### Action item
Give back exactly the lines starting at the one with "vidaXL Garden Lounge Set Brown, Cream White" and ending at the last line of the data below. Pictures are not part of the copy.

══ Exercise material ══

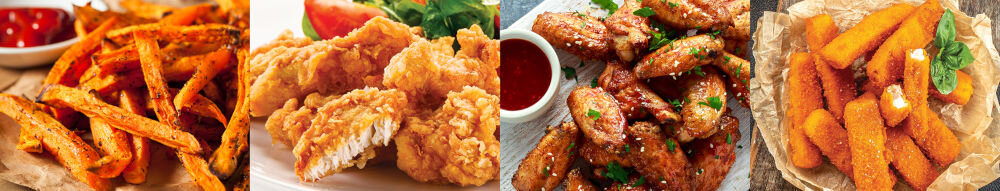 Air Fryer Frytkownica beztłuszczowa NINJA AF140EU obrazki potraw frytki kurczak nuggetsy paluszki rybne Wyjmowana kratka swobodny przepływ powietrza jedzenie optymalnie chrupiące z każdej strony zapobiega nadmiernemu gromadzeniu się tłuszczu łatwy demontaż wygoda użytkowania higiena przygotowywanych posiłków
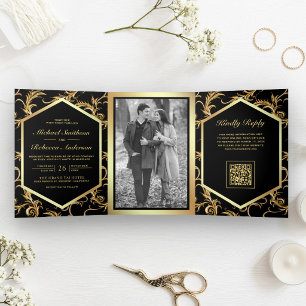 Invitación Tríptica Boda Código QR Foto Florecer Oro Negro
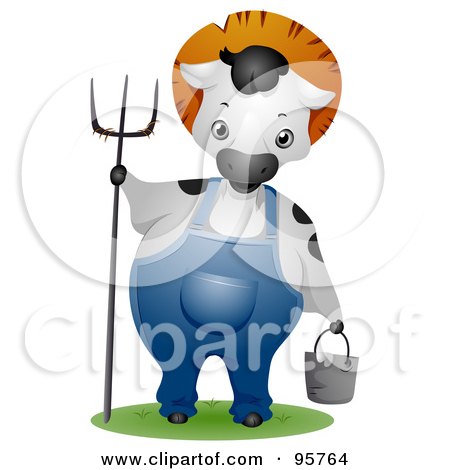 Royalty-Free (RF) Clipart Illustration of a Farmer Cow Wearing Overalls And Holding A Pitchfork And Pail by BNP Design Studio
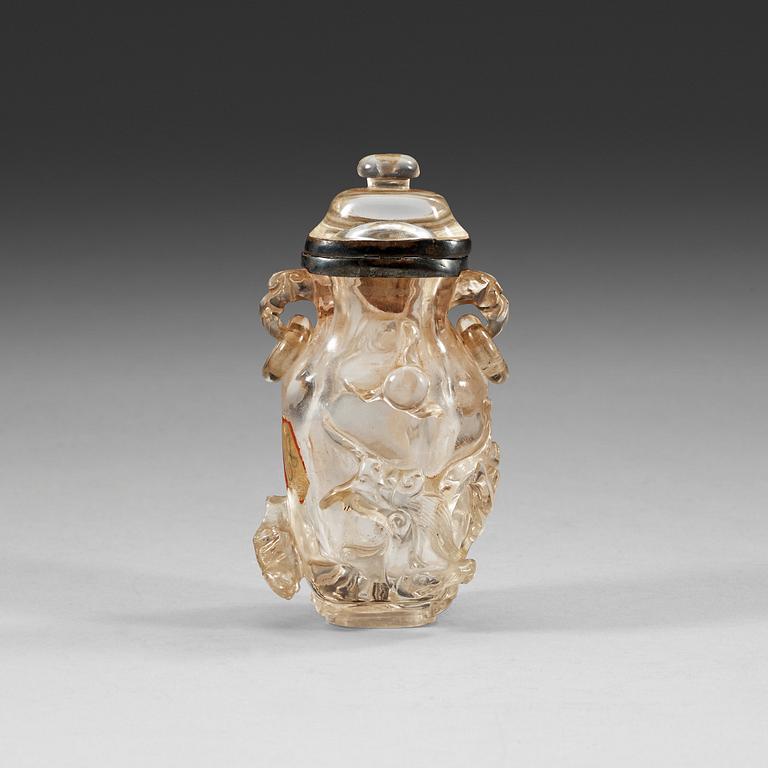 A rock-chrystal vase with cover, Qing dynasty (1644-1912).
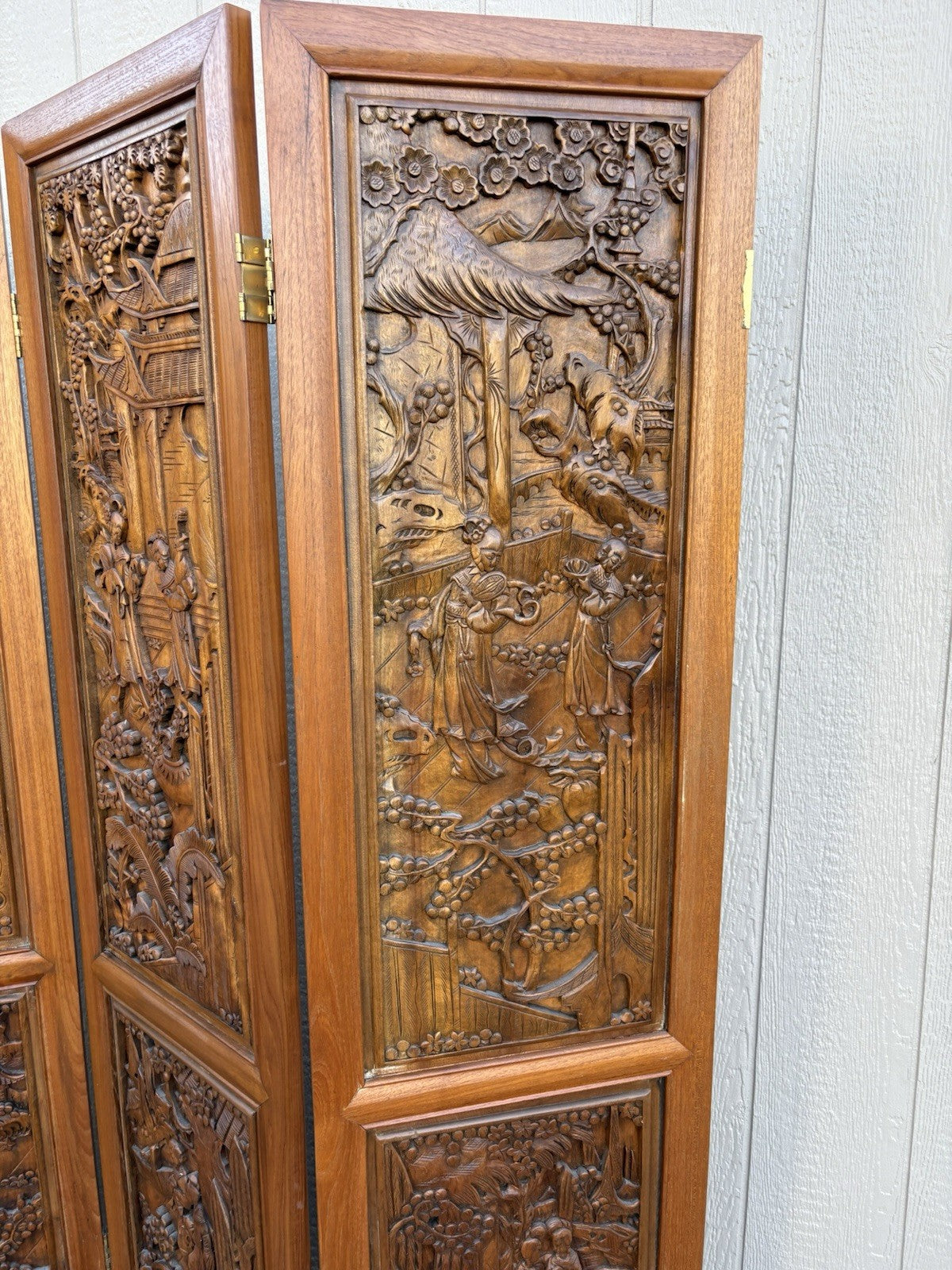 67013 Custom Hand Carved 4 Section Room Divider Screen
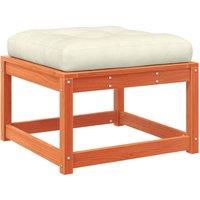 Berkfield Home Garden Footstool with Cushions Wax Brown Solid Wood Pine
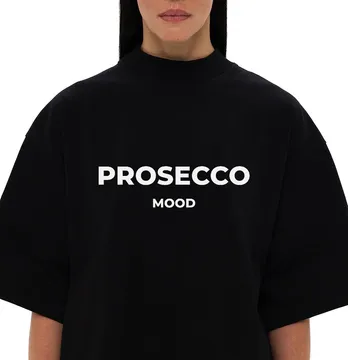 Термонаклейка "Prosecco mood" 19*5,5 см белого цвета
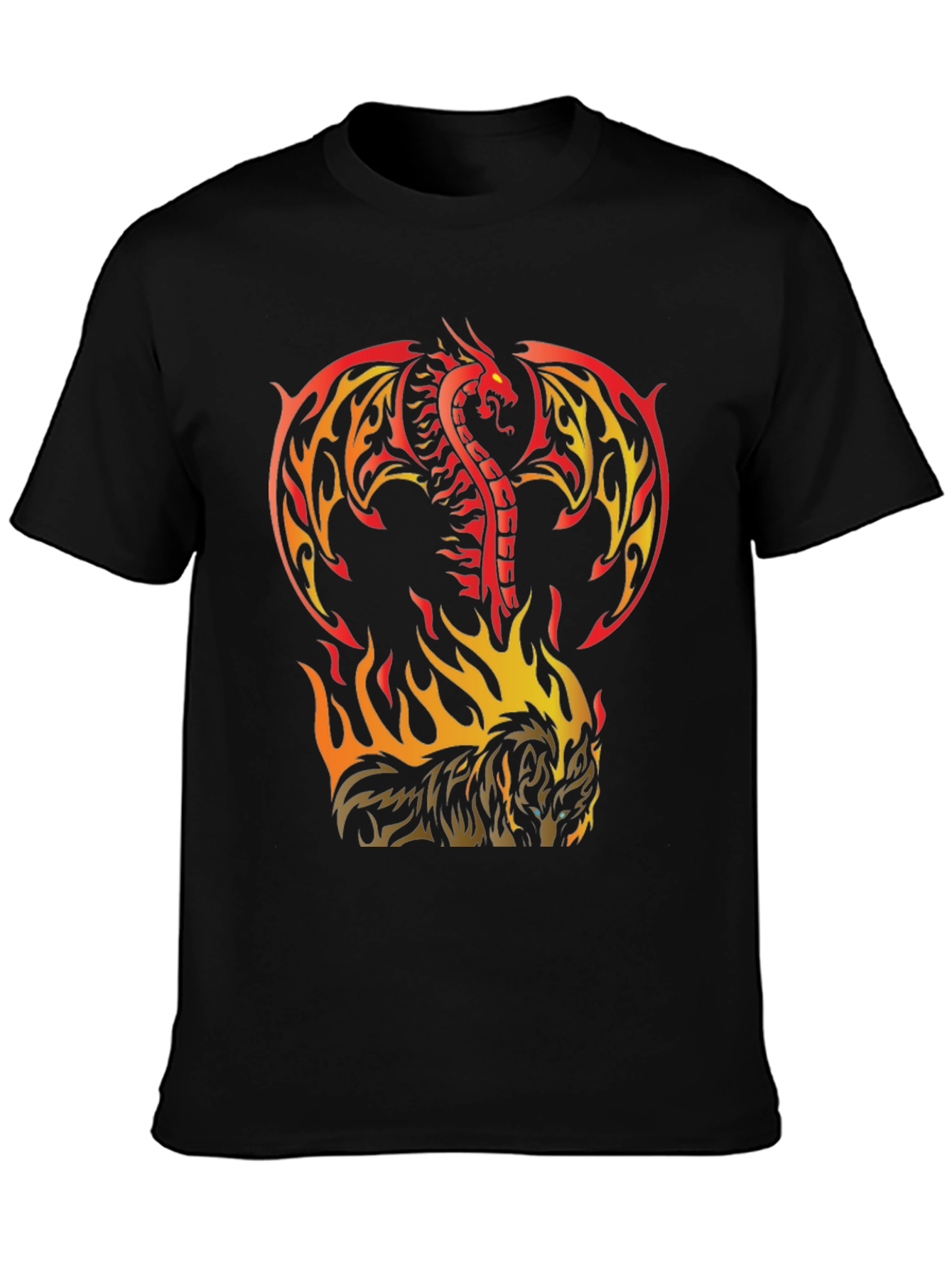 Black Fiery Dragon & Wolf Graphic Black T-Shirt view 3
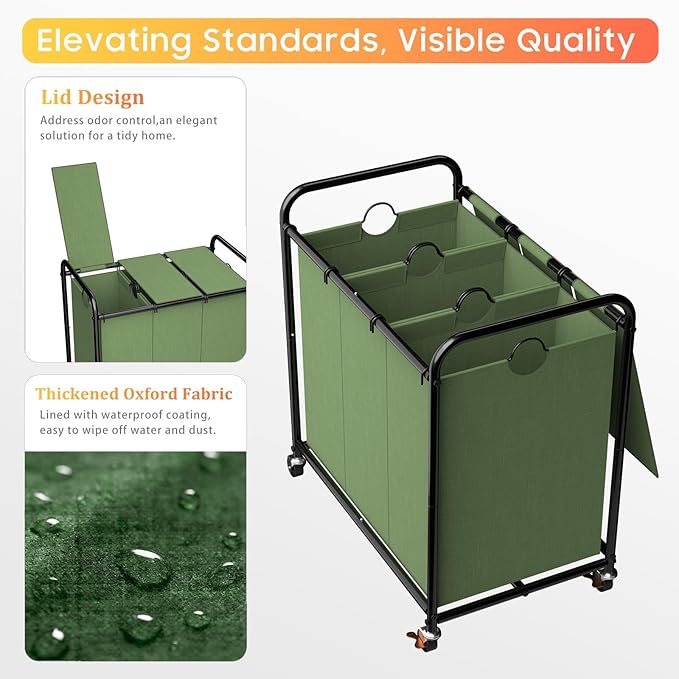 180L (47.55 Gal) Laundry Sorter 3 Section, Rolling Laundry Basket with Lockable Wheels and Lid, Laundry Hamper with 3 Separated Removable Bags Dirty Clothes Hamper for Laundry Room Organizer, Green
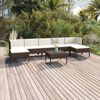 vidaXL Garden Lounge Set Brown, Cream White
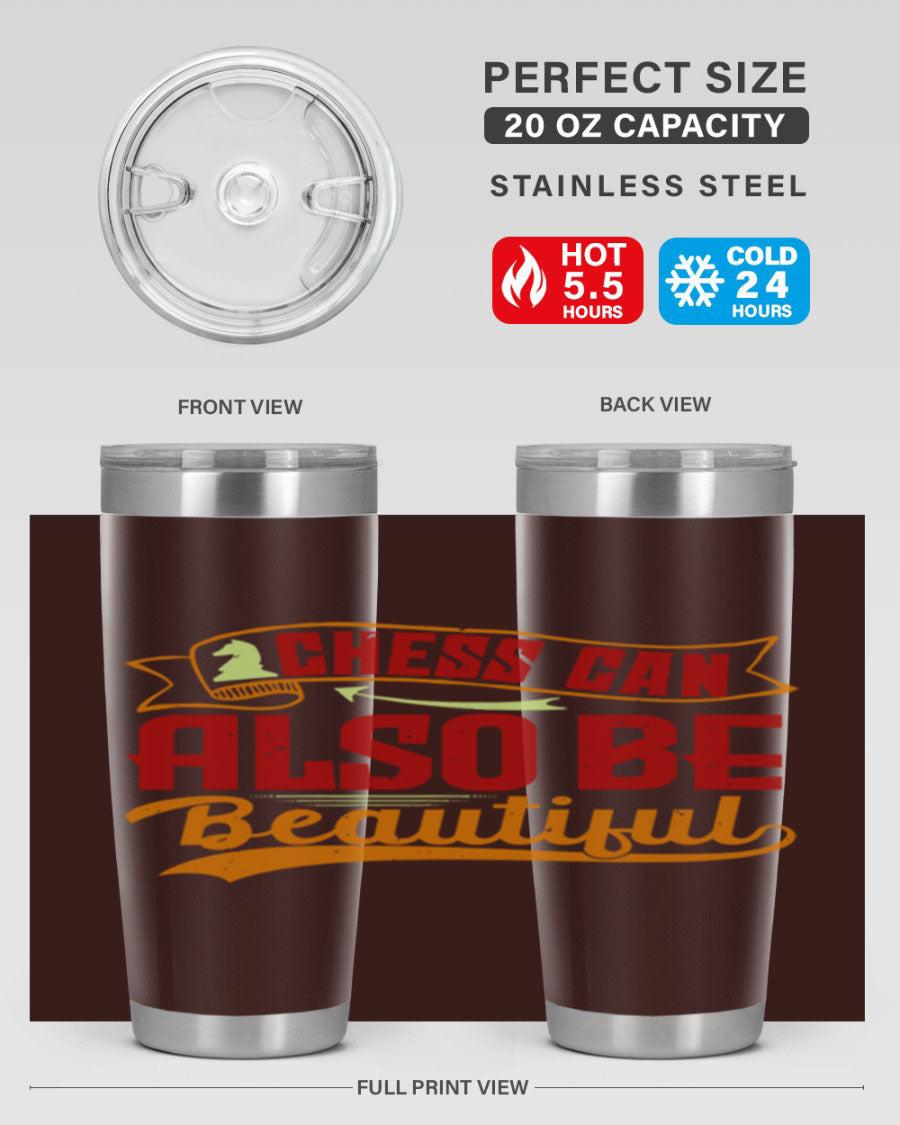A stylish 20oz and 30oz stainless steel tumbler featuring a chess-themed design, showcasing its double wall vacuum insulation and drink-thru lid.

═══

### Solution below
 vidaXL Garden Lounge Set Brown, Cream White
A stylish 20oz and 30oz stainless steel tumbler featuring a chess-themed design, showcasing its double wall vacuum insulation and drink-thru lid.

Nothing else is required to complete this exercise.